Data under study —

▼

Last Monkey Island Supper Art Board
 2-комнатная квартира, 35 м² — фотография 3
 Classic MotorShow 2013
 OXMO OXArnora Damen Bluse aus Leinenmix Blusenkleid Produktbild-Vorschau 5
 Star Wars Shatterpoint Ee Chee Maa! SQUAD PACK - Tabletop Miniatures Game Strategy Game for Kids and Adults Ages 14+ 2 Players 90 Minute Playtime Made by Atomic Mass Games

▲
▼

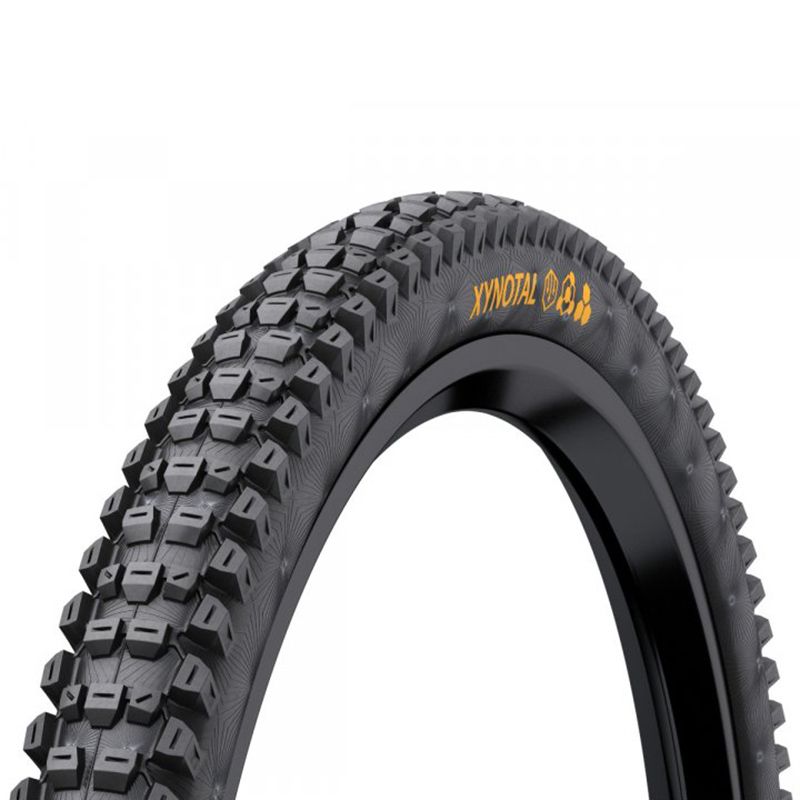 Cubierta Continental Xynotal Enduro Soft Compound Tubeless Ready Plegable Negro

▲

Aim of the exercise — Reproduce exactly, and only, the part of the listing above that begins at the line with "Last Monkey Island Supper Art Board" and goes on through the line with "Star Wars Shatterpoint".

Task solution —
Last Monkey Island Supper Art Board
 2-комнатная квартира, 35 м² — фотография 3
 Classic MotorShow 2013
 OXMO OXArnora Damen Bluse aus Leinenmix Blusenkleid Produktbild-Vorschau 5
 Star Wars Shatterpoint Ee Chee Maa! SQUAD PACK - Tabletop Miniatures Game Strategy Game for Kids and Adults Ages 14+ 2 Players 90 Minute Playtime Made by Atomic Mass Games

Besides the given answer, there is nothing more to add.